1. Reading whose autobiography led young Bertrand Russell to reject God? OR, What did he see as the logical problem with the First Cause Argument? Do you agree with Russell about this?

2. The idea of a barber who shaves all who don't shave themselves is a logical ______, a seeming contradiction that is both true and false. Another example of the same thing would be a statement like "This sentence is ___." Do these examples show a deep problem with language and its ability to accurately portray reality?

3. A.J. Ayer's ______ Principle, stated in his 1936 book Language, Truth and Logic, was part of the movement known as _____ ______. Is unverifiability the same thing as meaninglessness?

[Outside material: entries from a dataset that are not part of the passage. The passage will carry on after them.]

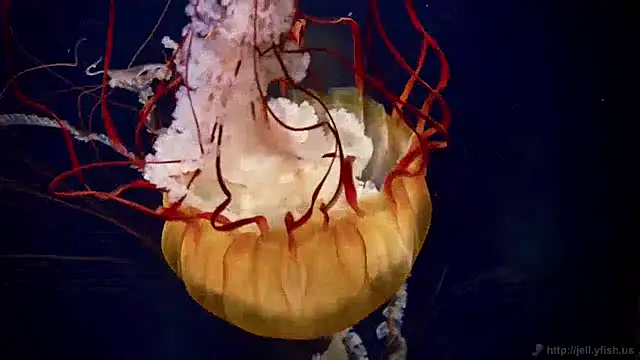 Snapshot of streamy_test12 chatting on December 2024 10:17:02 AM streamy test12 online show from December 2024 10:17:02 AM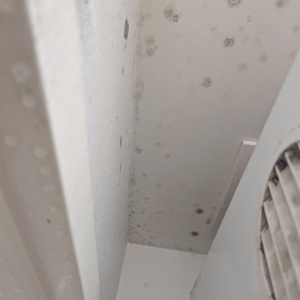 restoration-pros-mould-image-12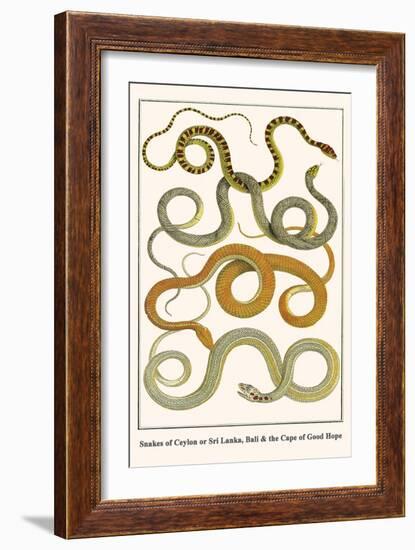 Snakes of Ceylon or Sri Lanka, Bali and the Cape of Good Hope-Albertus Seba-Framed Art Print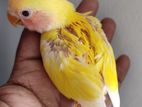 lovebirds tame Size baby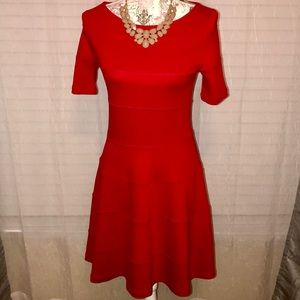 NWT ZARA FLARE DRESS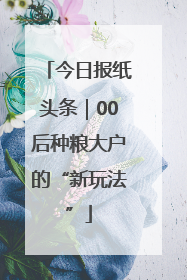 今日报纸头条｜00后种粮大户的“新玩法”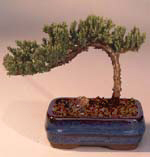 Juniper Bonsai Tree - Small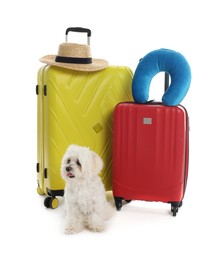 Photo of Pet hotel. Cute Maltese dog and suitcases with personal belongings on white background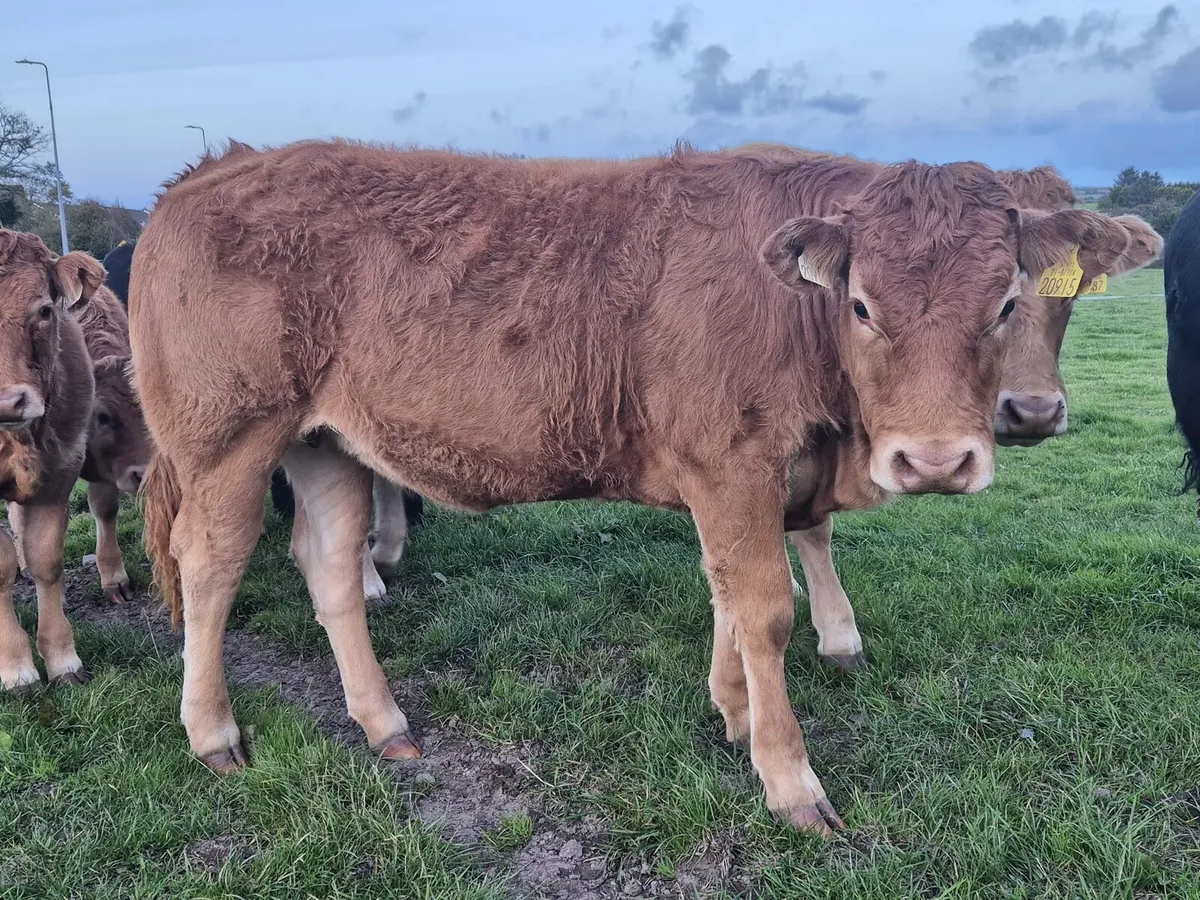 Macroom Mart  weanling show and sale 25th October - Image 4
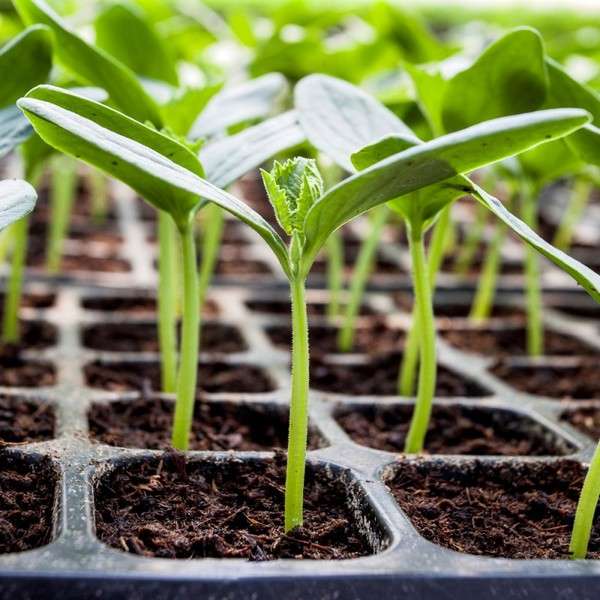 Советы по выращиванию рассады овощных культур в 2018 году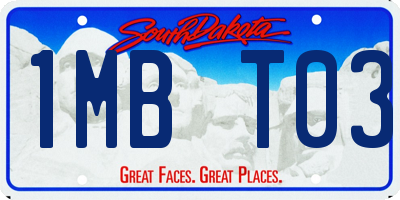 SD license plate 1MBT03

4. Humans don't have an _____, said Jean Paul Sartre, and are in "bad faith" like the ____ who thinks of himself as completely defined by his work. Is it possible to avoid bad faith in every situation?

5. What was Sartre's frustrating advice to the student who didn't know whether to join the Resistance? Should he have said something else?

6. When Simone de Beauvoir said women are not born that way, she meant that they tend to accept what? Are any essential identities conferred by birth?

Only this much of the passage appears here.